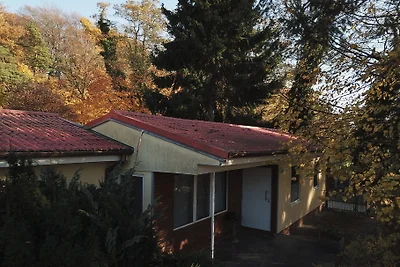 Bungalow Lea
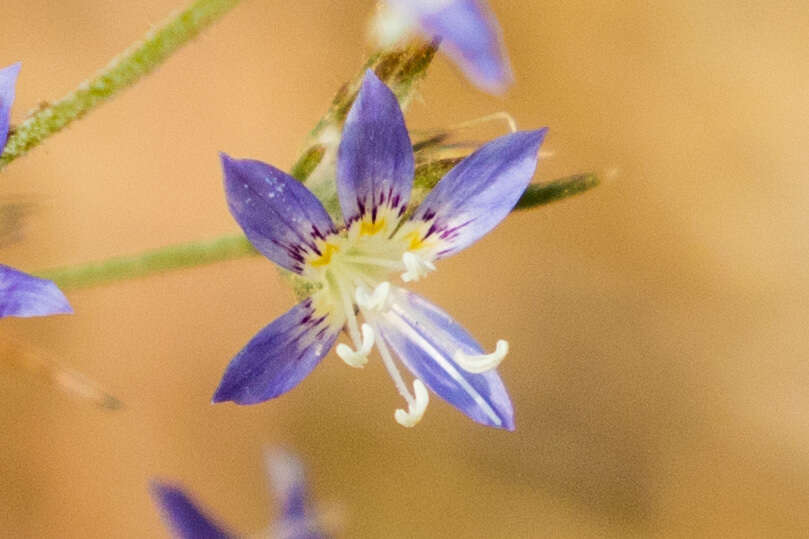 Image of sapphire woollystar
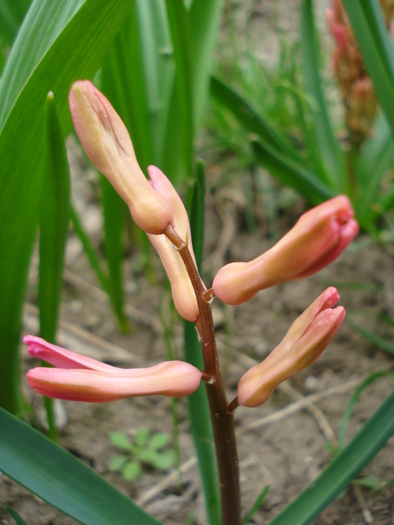 Hyacinth Jan Bos (2010, April 05)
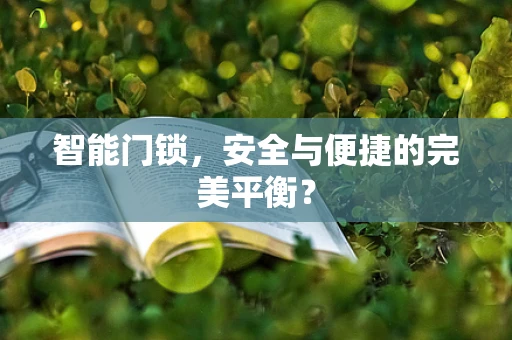 智能门锁，安全与便捷的完美平衡？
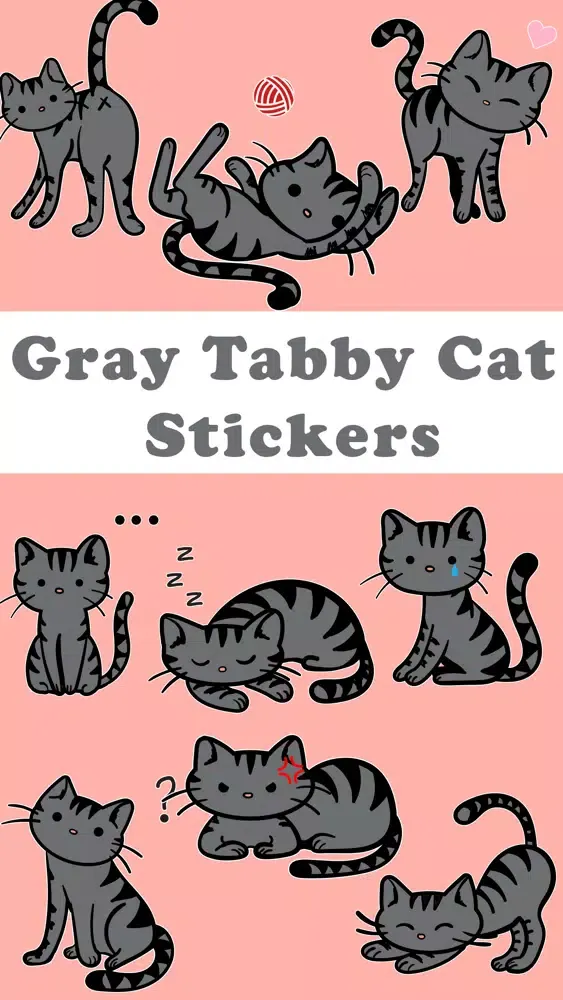 Gray Tabby Cat Stickers Screenshots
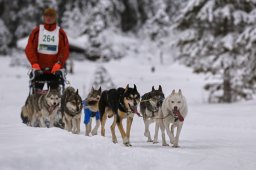 Kandersteg 2014 WM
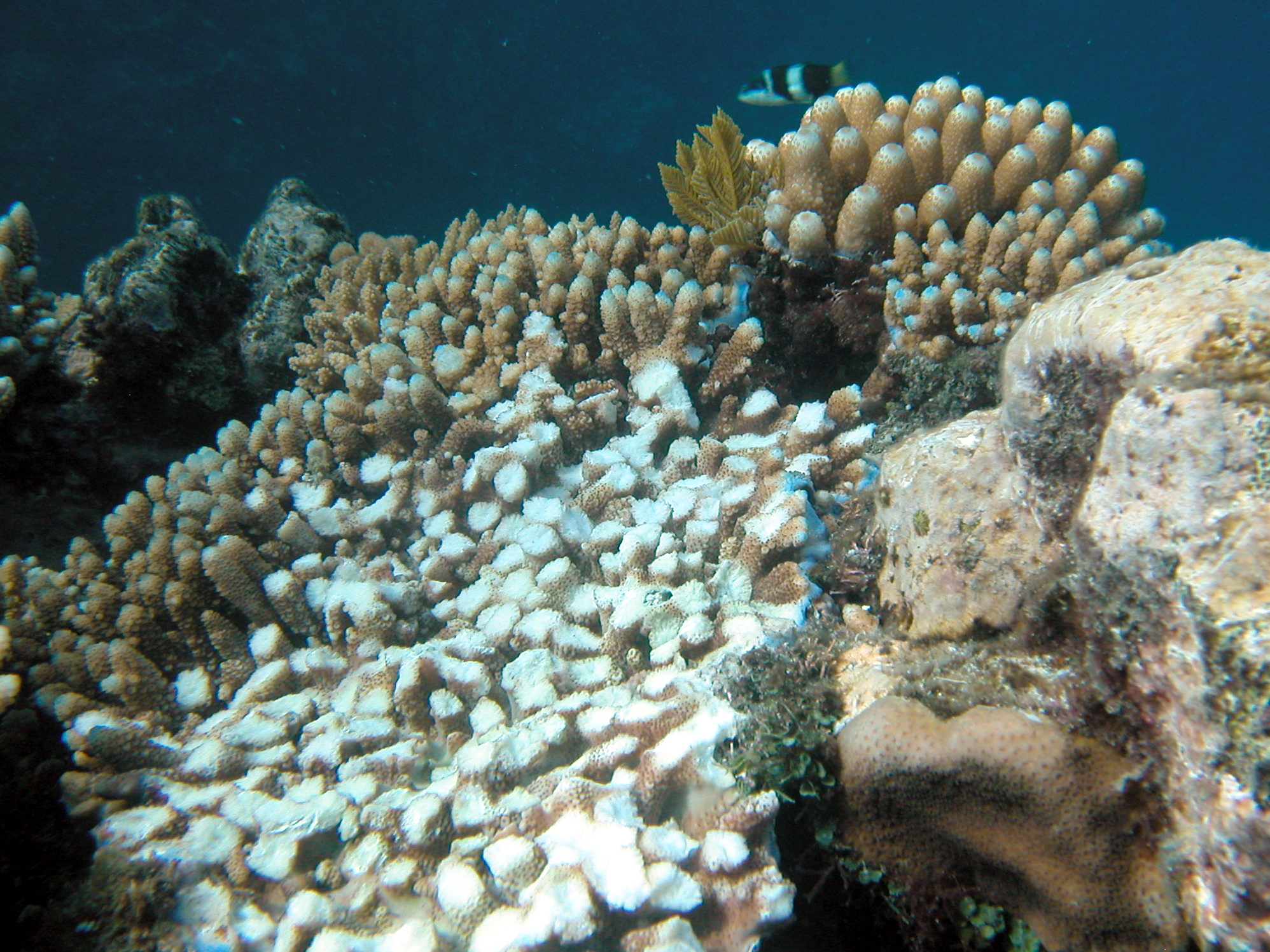 Acropora sp. hard coral with fish predation. Knobs of coral bitten off.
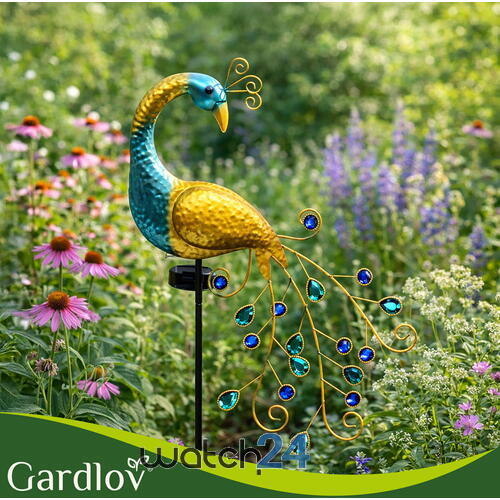 Lampa solară „Păun”, 40 Led-uri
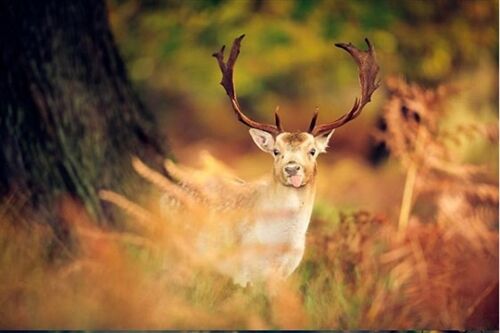 年最火快手女生网名大全(优选753个) 年最火快手女生网名大全(优选753个)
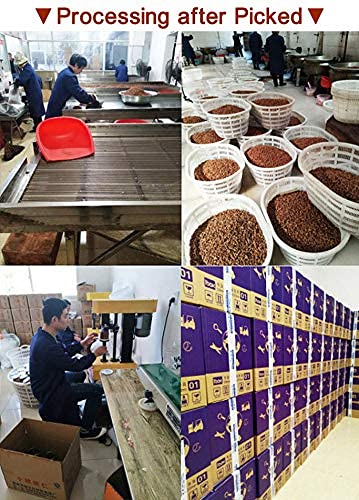 Chinese Peeled WalnutsFresh New Linan Mountain Walnut kernelsLinan Mountain Walnuts KernelsNet 240g/8.5oz. in 15 Small Packets 临安山核桃仁 (Salty)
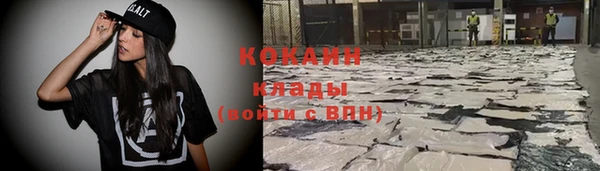 соль ск Осинники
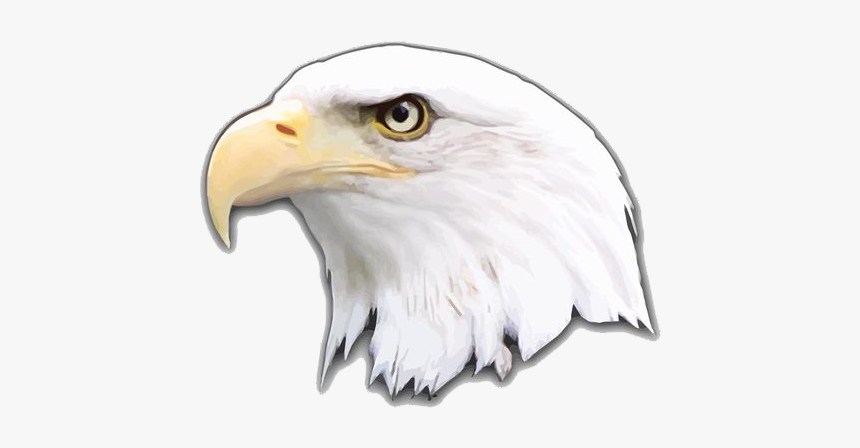 Bald Eagle, HD Png Download, Free Download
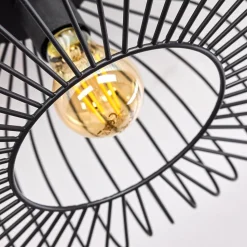 Plafonnier Wemude Noir, 1 Lumiere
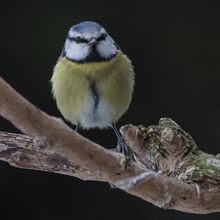 Blue Tit Cyanistes cyanus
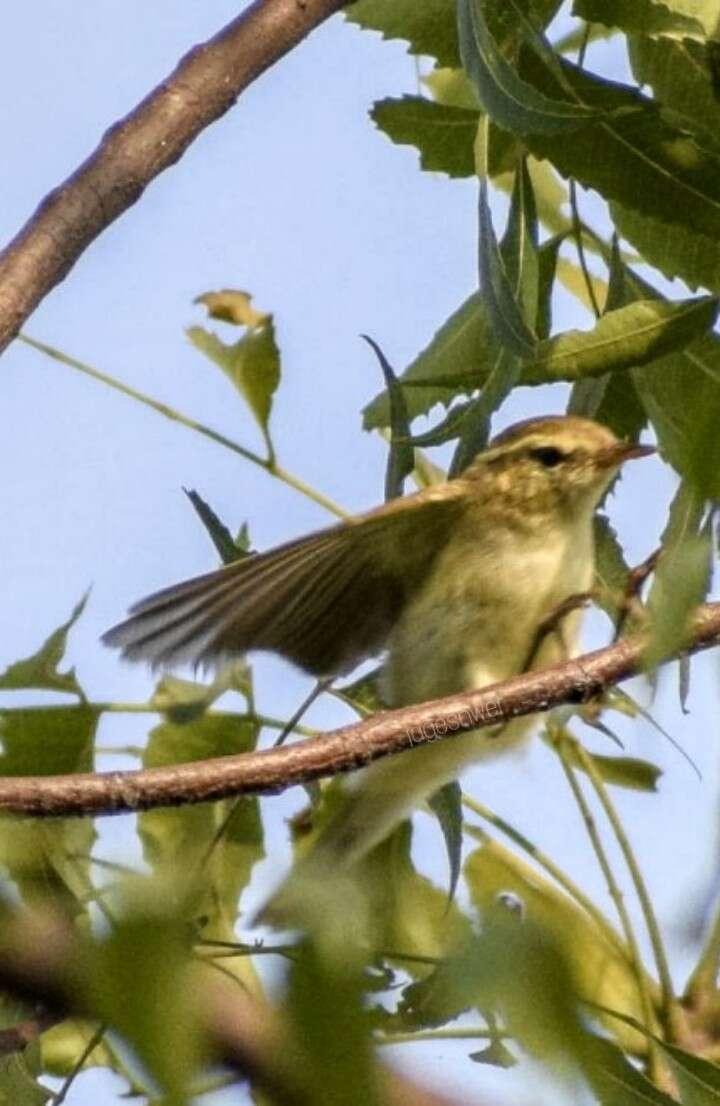 Plancia ëd Phylloscopus trochiloides (Sundevall 1837)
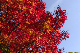 image0377
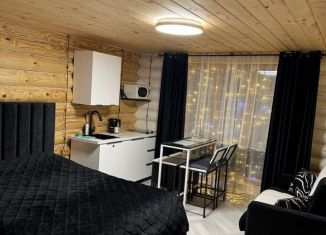 Сдается дом, 35 м2, рабочий поселок Листвянка, улица Чапаева, 60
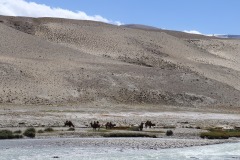 IMG_8100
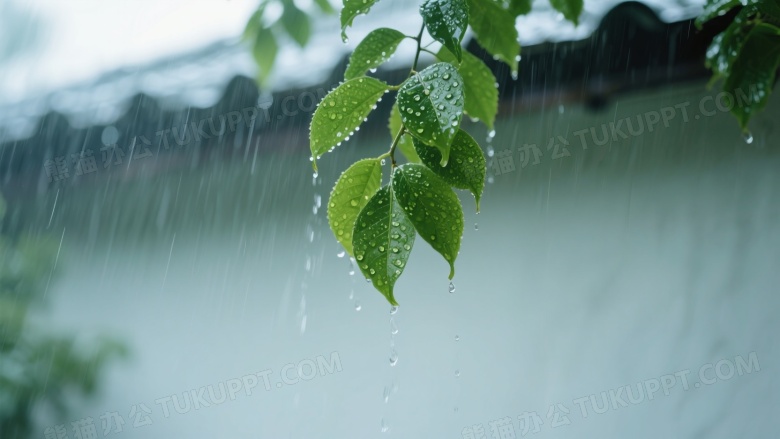 雨中绿叶枝条垂挂特写图片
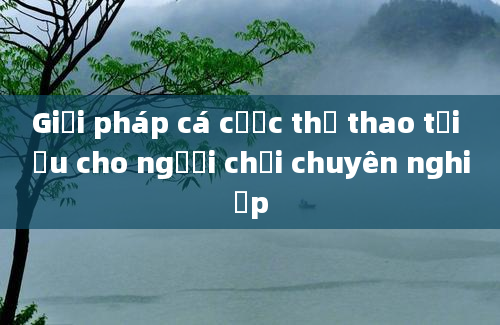 Giải pháp cá cược thể thao tối ưu cho người chơi chuyên nghiệp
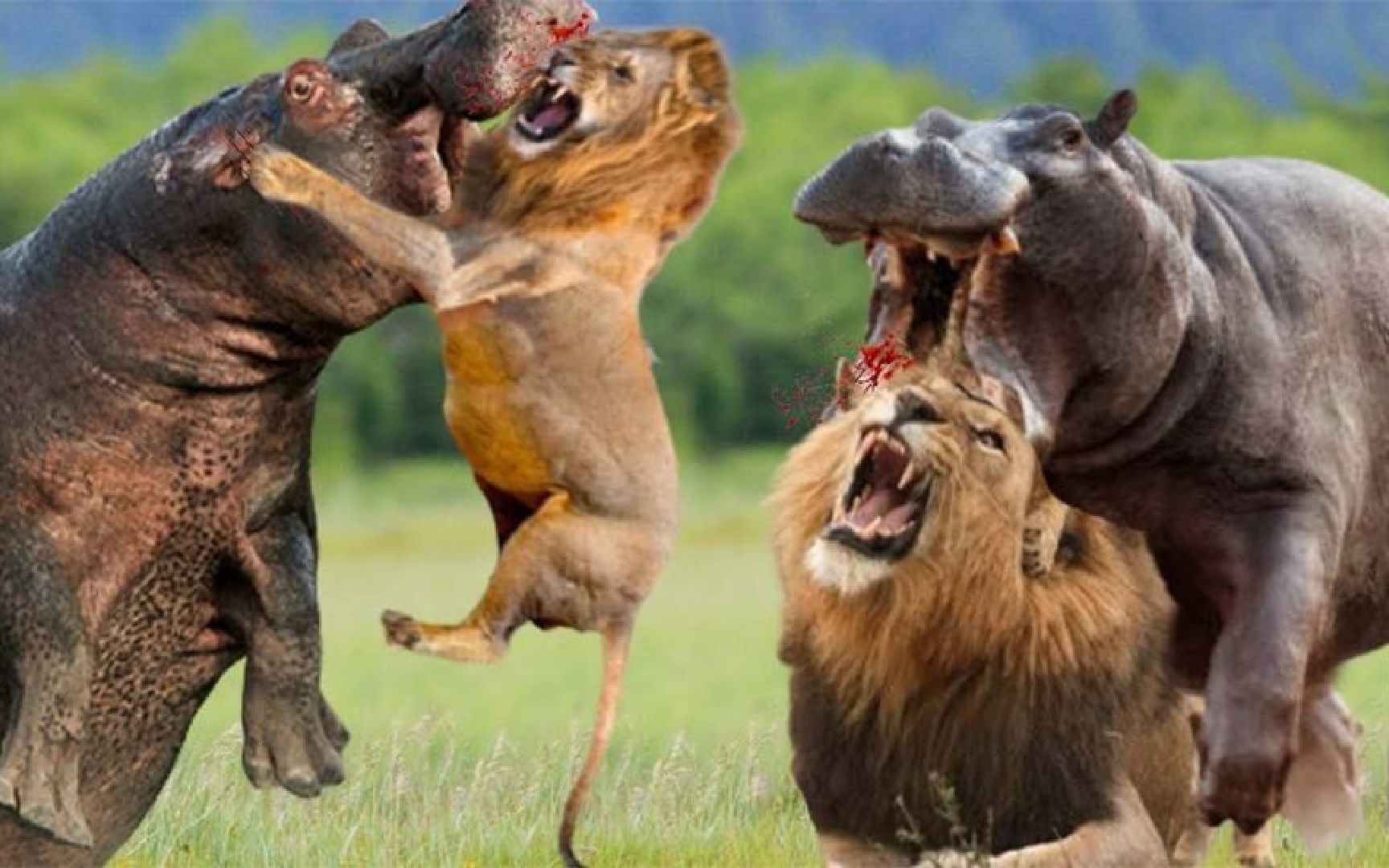 狮子与河马战斗至死,谁会赢?狮子与河马!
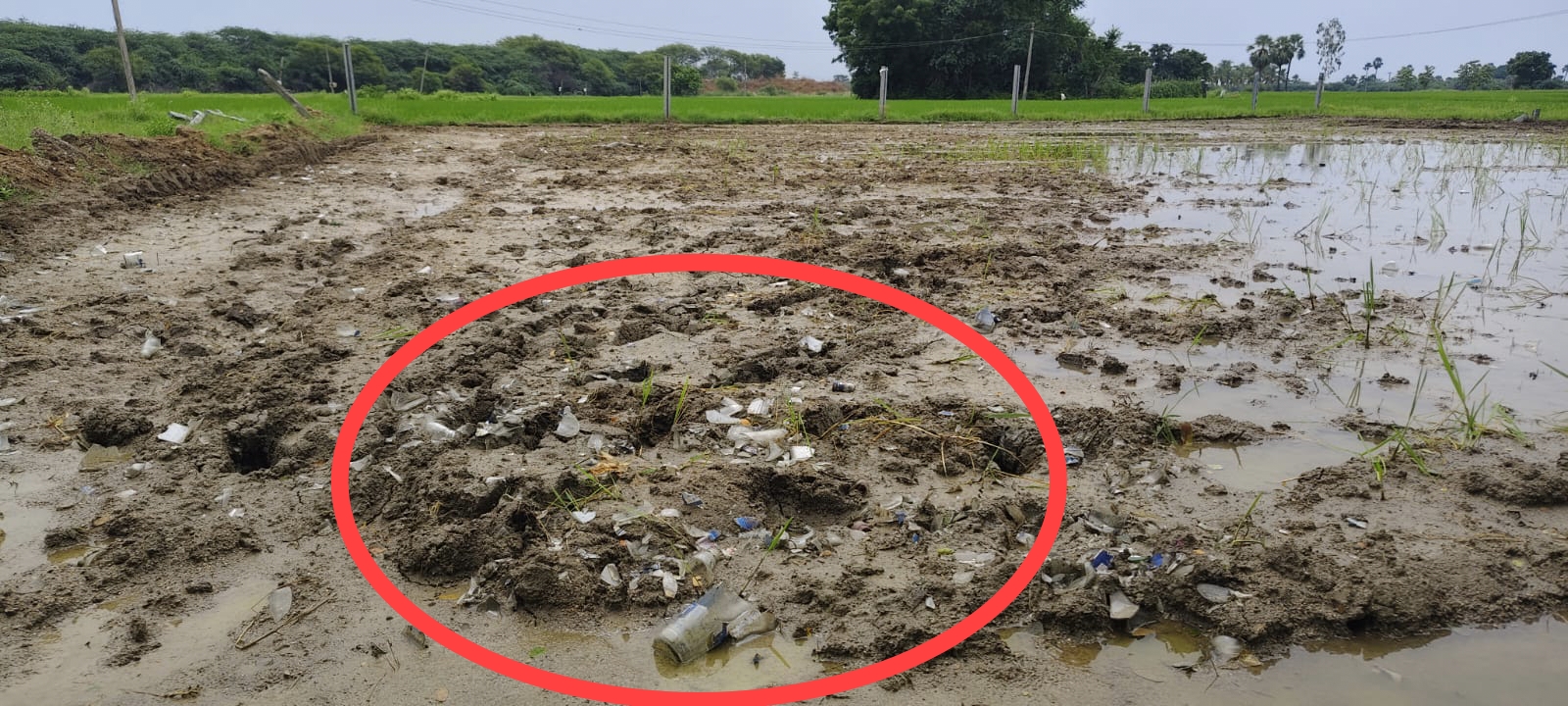 రాత్రికి రాత్రే భూమిలో సీసా ముక్కలు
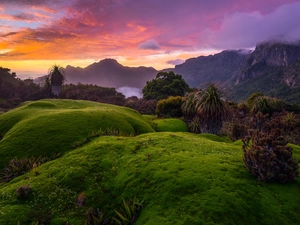 sun, The Hills, Plants, west, Australia, exotic, Fog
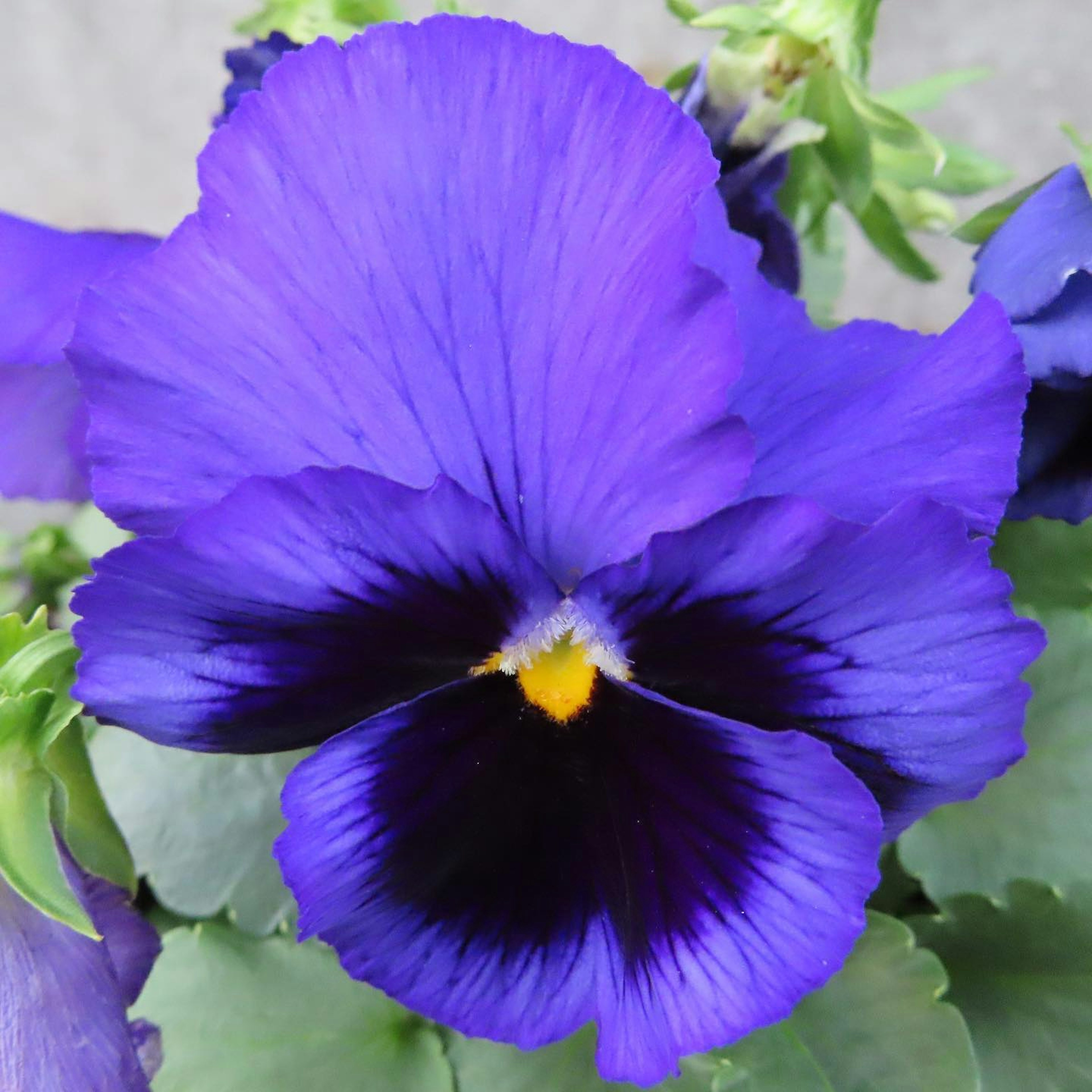 Vibrant purple pansy flower with a distinctive yellow center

════════════════════

- **What is expected**: Your answer should contain only the lines from the beginning of the listing above through the line with "雨中绿叶枝条垂挂特写图片", copied exactly and without the pictures.

- **Response to this exercise**:
 Bungalow Lea
 Image of sapphire woollystar
 Hyacinth Jan Bos (2010, April 05)
 智能门锁，安全与便捷的完美平衡？
 Gray Tabby Cat Stickers Screenshots
 Kandersteg 2014 WM
 Acropora sp. hard coral with fish predation. Knobs of coral bitten off.
 Lampa solară „Păun”, 40 Led-uri
 年最火快手女生网名大全(优选753个) 年最火快手女生网名大全(优选753个)
 Chinese Peeled WalnutsFresh New Linan Mountain Walnut kernelsLinan Mountain Walnuts KernelsNet 240g/8.5oz. in 15 Small Packets 临安山核桃仁 (Salty)
 соль ск Осинники
 Bald Eagle, HD Png Download, Free Download
 Plafonnier Wemude Noir, 1 Lumiere
 Blue Tit Cyanistes cyanus
 Plancia ëd Phylloscopus trochiloides (Sundevall 1837)
 image0377
 Сдается дом, 35 м2, рабочий поселок Листвянка, улица Чапаева, 60
 IMG_8100
 雨中绿叶枝条垂挂特写图片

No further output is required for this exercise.